Le tournage de « Malcolm X » peut alors débuter, après bien des remous dont le remplacement du réalisateur initial, Norman Jewison, dont on craignait une vision trop « blanche » du sujet, par Spike Lee. A sa sortie en 1992, les critiques saluent la prestation de Denzel Washington qui Incarne l’activiste afro-américain de manière bluffante tant sur le fond que sur la forme – il se révèle à la fois violent, insolent, et provocant dans son rôle.

En plus d’une nomination à l’Oscar du meilleur acteur, il reste, à ce jour, le seul acteur non-musulman à avoir eu l’honneur de tourner dans la ville sainte de La Mecque.

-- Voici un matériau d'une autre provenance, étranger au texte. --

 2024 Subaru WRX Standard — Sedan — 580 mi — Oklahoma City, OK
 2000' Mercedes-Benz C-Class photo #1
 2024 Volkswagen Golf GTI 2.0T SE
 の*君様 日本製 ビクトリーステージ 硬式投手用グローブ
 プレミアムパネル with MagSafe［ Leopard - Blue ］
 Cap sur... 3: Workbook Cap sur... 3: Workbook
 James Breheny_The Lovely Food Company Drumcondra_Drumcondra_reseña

Il travaille ensuite sous la direction d’Alan J. Pakula – connu notamment pour « Les hommes du président » – dans le thriller politique « L’Affaire Pélican ». Accompagné de Julia Roberts, il incarne un journaliste qui dénonce la corruption politique au péril de sa vie. En cette même année 1994, un autre film va alors asseoir définitivement sa notoriété… dans le mémorable « Philidelphia » du regretté Jonathan Demme, il livre une performance remarquée en jeune avocat ambitieux qui voit ses préjugés remis en causes lorsqu’il est amené à défendre un confrère homosexuel atteint du sida, incarné par Tom Hanks. Ce dernier dira d’ailleurs à propos de son partenaire qu’il est « le meilleur professeur d’art dramatique qu’il ait jamais eu », rien que ça !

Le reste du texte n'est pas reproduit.